NEW YORK (Reuters) -Global equities and crude oil rebounded from earlier losses on Thursday even as economic data continued to show the strength of the U.S. economy and validated the Federal Reserve’s tight monetary policy stance.

A U.S. Labor Department report on Thursday showed that new claims for unemployment benefits unexpectedly fell last week, pointing to a persistently tight labor market.

The readings for the fourth-quarter personal consumption expenditures (PCE) price index, the Fed’s preferred inflation measure, were revised upward to 3.7%, indicating inflation was much stronger than initially thought and weighed on sentiment earlier in the day.

Minutes of the Federal Reserve’s last meeting released on Wednesday showed that officials favored a moderation in the pace of rate hikes although they indicated that containing high inflation would be key in how much further rates need to rise.

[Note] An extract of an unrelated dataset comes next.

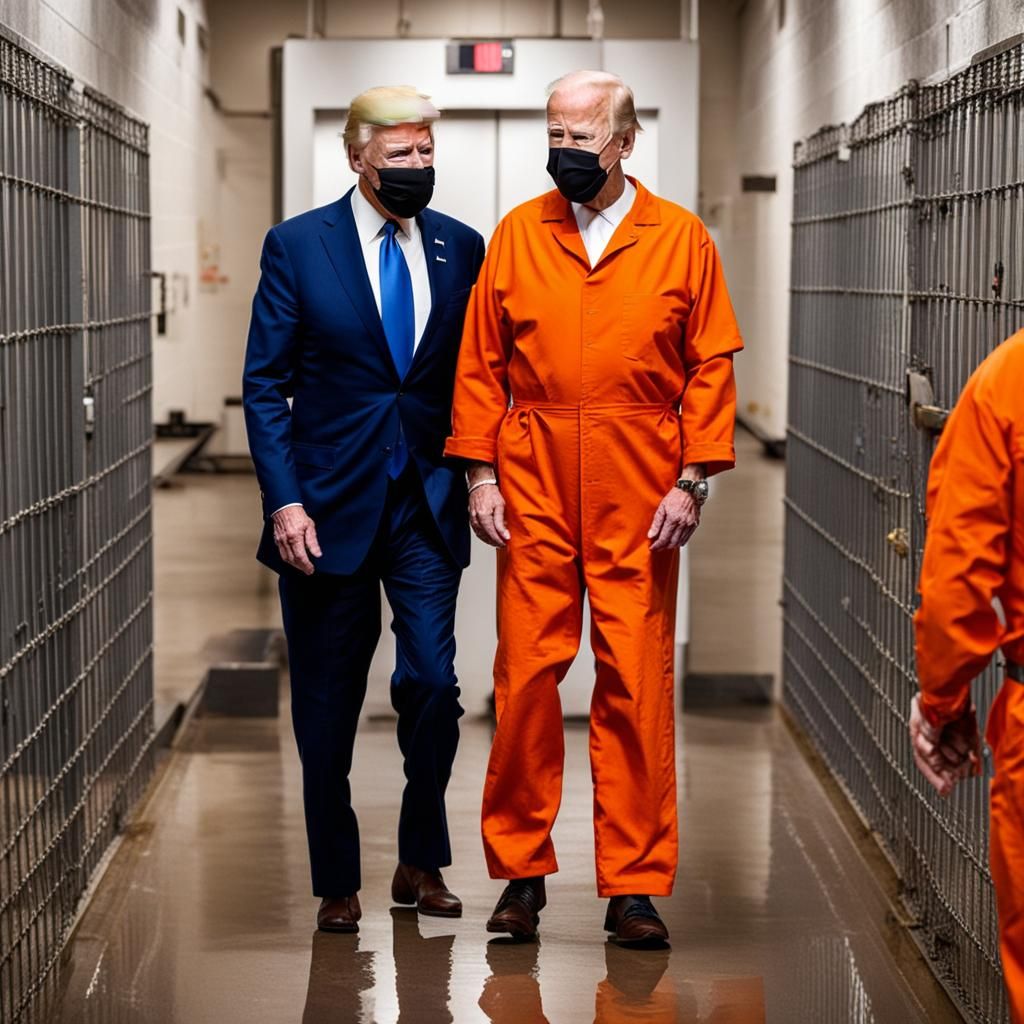 Political Confrontation: Trump and Biden in Prison Art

“The Fed minutes yesterday were a bit hawkish and they said ongoing rate hikes would be necessary and that should obviously be negative for the market,” said Sandy Villere, portfolio manager at Villere & Co in New Orleans.

“But it seems the market is starting to discount that we’re getting into the eighth or ninth inning of these rate hikes even though the Fed is saying ongoing rate hikes would be necessary,” Villere said.

The MSCI world equity index, which tracks shares in 50 countries, was down 0.27%. European stocks were up at just 0.06%.

On Wall Street, the Nasdaq regained earlier losses from better-than-expected revenue at chipmaker Nvidia Corp. The results drove the company’s shares up 14%, along with shares of other semiconductor manufacturers.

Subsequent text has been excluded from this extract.